Scraped caption text data
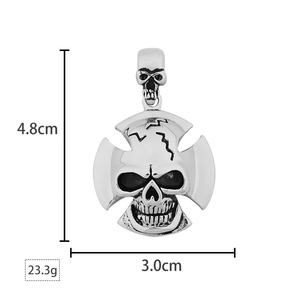 Collar de Joyería Punk Hipster de Calidad de Fábrica, Colgante de Calavera de Acero Inoxidable para Hombre, Altamente Pulido - Product Image 6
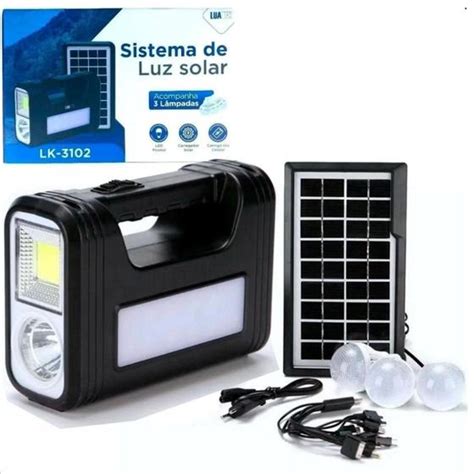 Kit Sistema Luz Solar Bateria Carregador De Celular Usb Para Camping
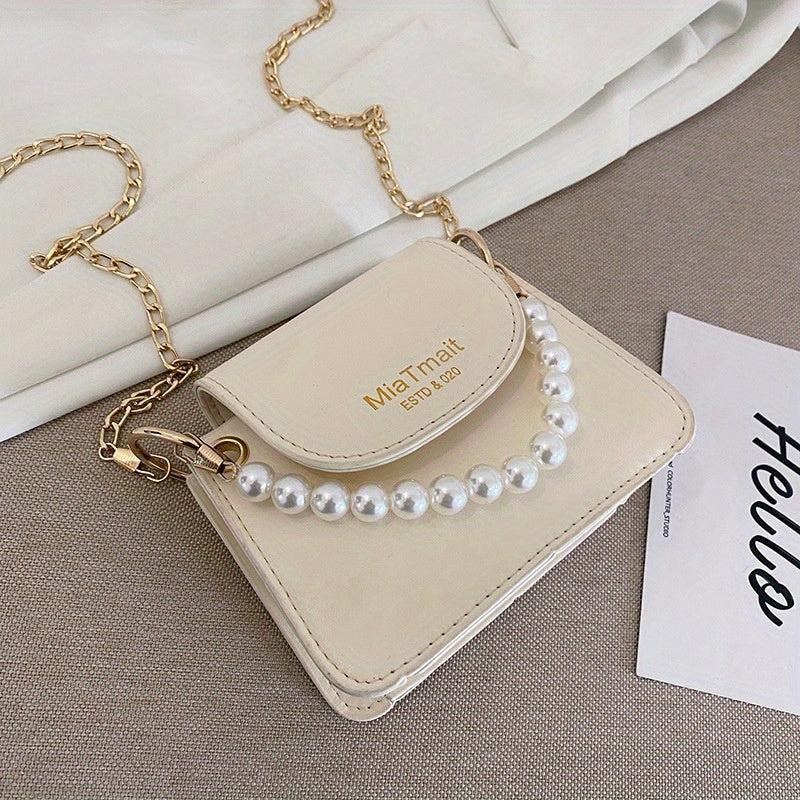 Mini Pearl Chain Crossbody Bag PU Leather Textured Bag Purse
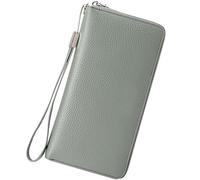 Women Leather Wallets RFID Blocking Zip Around Credit Card Holder Phone Clutch A50 Wallet Case with Screen (Green, One Size)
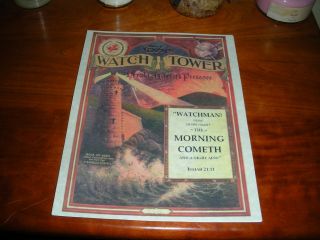 1912 Color Watch Tower Watchman What Of The Night Jehovah Pastor Russell Ibsa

▶ **Your goal**:
Only an exact, picture-free copy of the entries counts as the answer.

▶ **Result of this task**:
 Collar de Joyería Punk Hipster de Calidad de Fábrica, Colgante de Calavera de Acero Inoxidable para Hombre, Altamente Pulido - Product Image 6
 Kit Sistema Luz Solar Bateria Carregador De Celular Usb Para Camping
 Mini Pearl Chain Crossbody Bag PU Leather Textured Bag Purse
 Women Leather Wallets RFID Blocking Zip Around Credit Card Holder Phone Clutch A50 Wallet Case with Screen (Green, One Size)
 1912 Color Watch Tower Watchman What Of The Night Jehovah Pastor Russell Ibsa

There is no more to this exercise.